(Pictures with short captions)
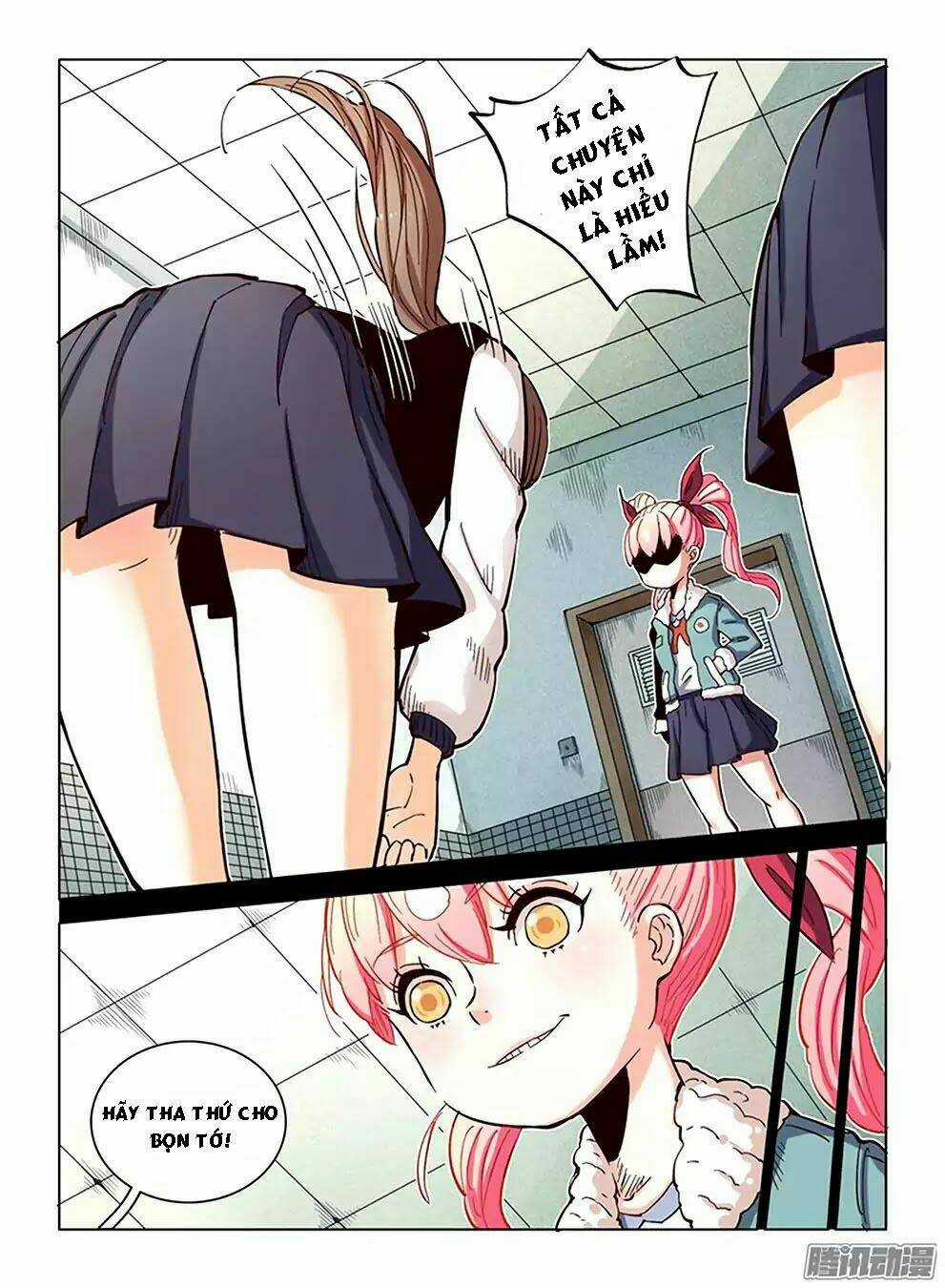 Trò Chơi Địa Đàng Chapter 6 trang 6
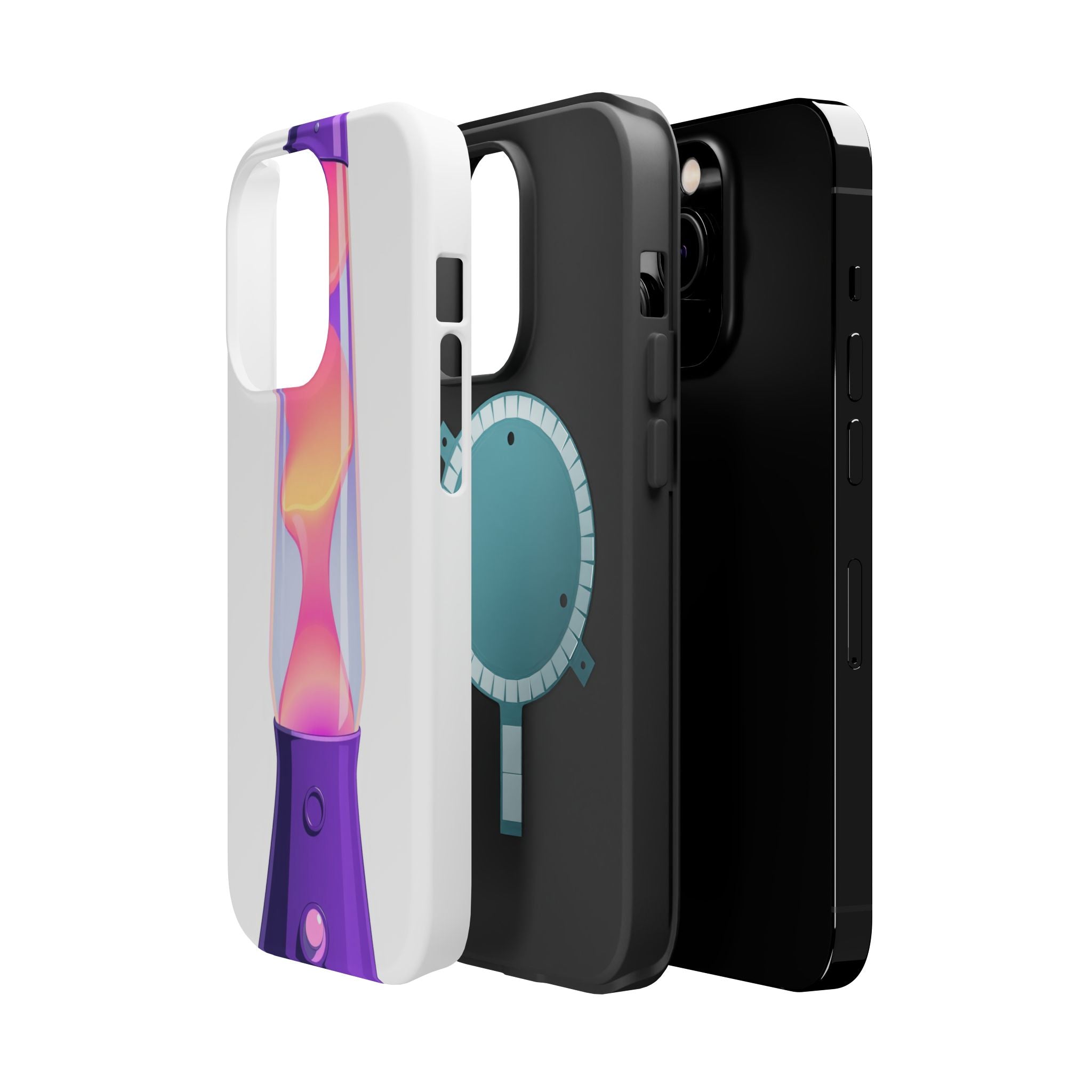 iPhone Lava Lamp 70s Pop Art Bold Bold Modern Everyday Snap Case · iPhone Case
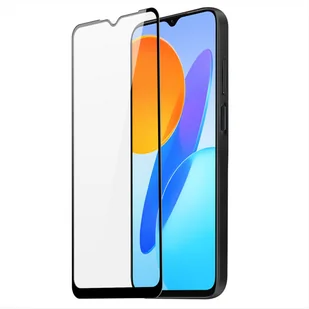 Dux Ducis 9D Tempered Glass szkło hartowane Honor X8 5G na cały ekran z ramką czarny (case friendly) - Szkła hartowane na telefon - miniaturka - grafika 1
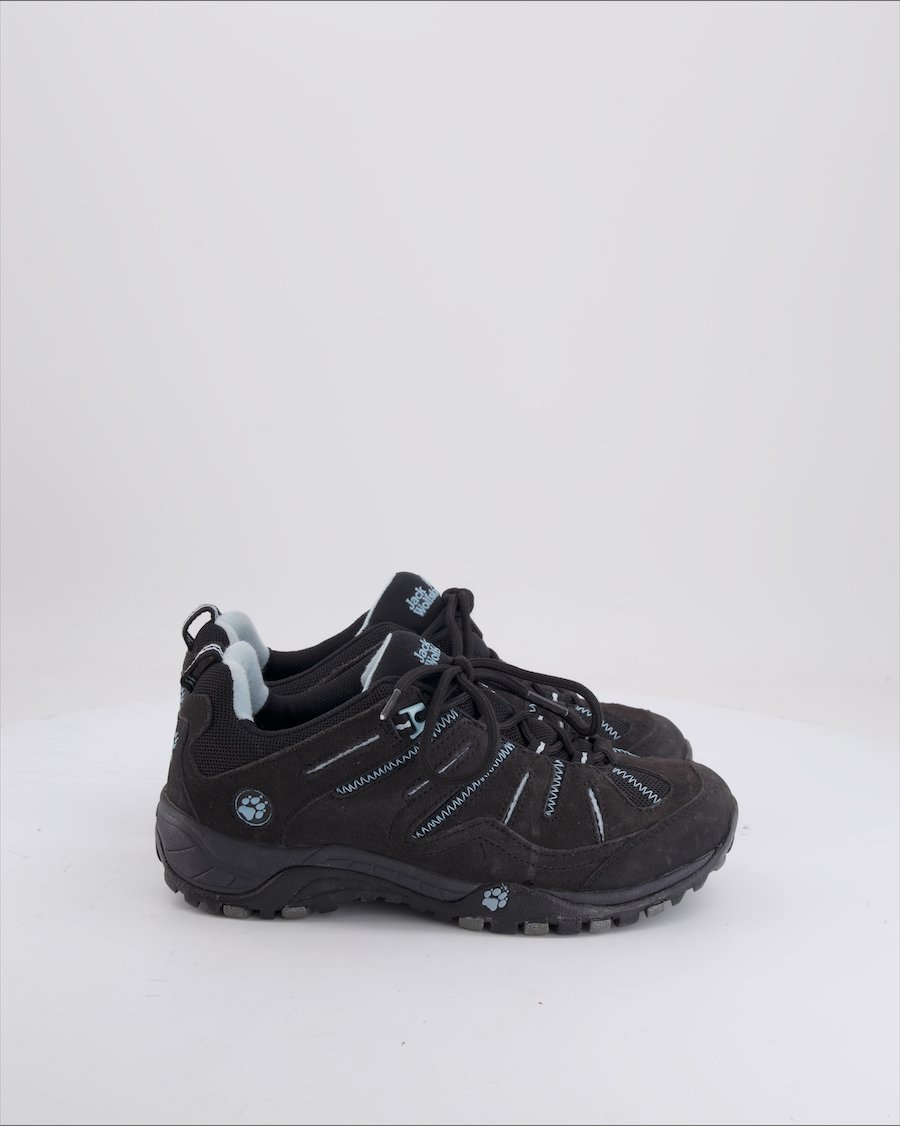 Jack Wolfskin Trainers Suede Black EU 39
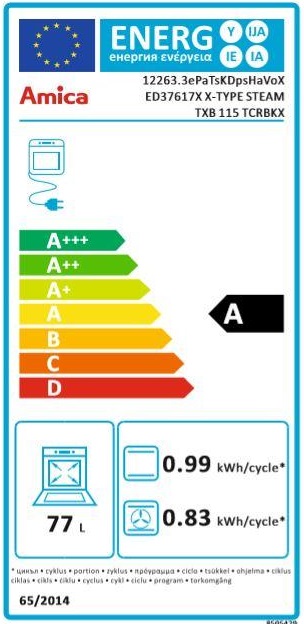 Amica TXB 115 TCRBKX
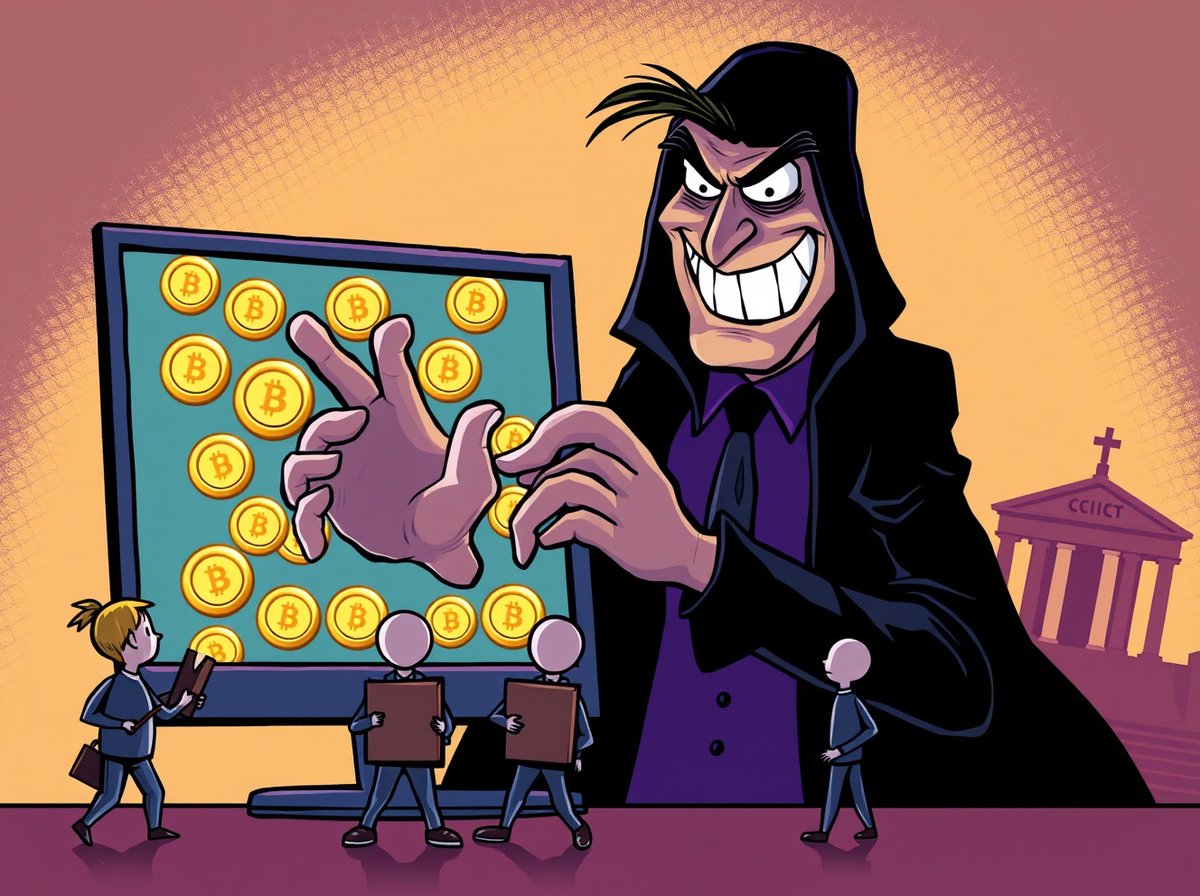 ItsBitcoinWorld's tweet image. The world of cryptocurrency, while offering exciting opportunities, also harbors significant risks. #CryptoScam #CRYPTOCURRENCY #investorfraud #marketmanipulation #SOUTHKOREA
bitcoinworld.co.in/shocking-crypt…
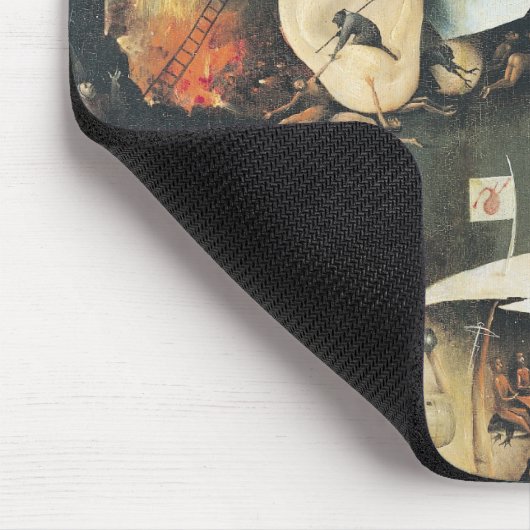 De tuin van de aardse gewichten 2 muismat (Hoek)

Work required →
Repeat the exact lines from the first line of the data through the line containing "Amica TXB 115 TCRBKX". Nothing else, no pictures.

Response area →
 Trò Chơi Địa Đàng Chapter 6 trang 6
 iPhone Lava Lamp 70s Pop Art Bold Bold Modern Everyday Snap Case · iPhone Case
 Dux Ducis 9D Tempered Glass szkło hartowane Honor X8 5G na cały ekran z ramką czarny (case friendly) - Szkła hartowane na telefon - miniaturka - grafika 1
 Jack Wolfskin Trainers Suede Black EU 39
 Amica TXB 115 TCRBKX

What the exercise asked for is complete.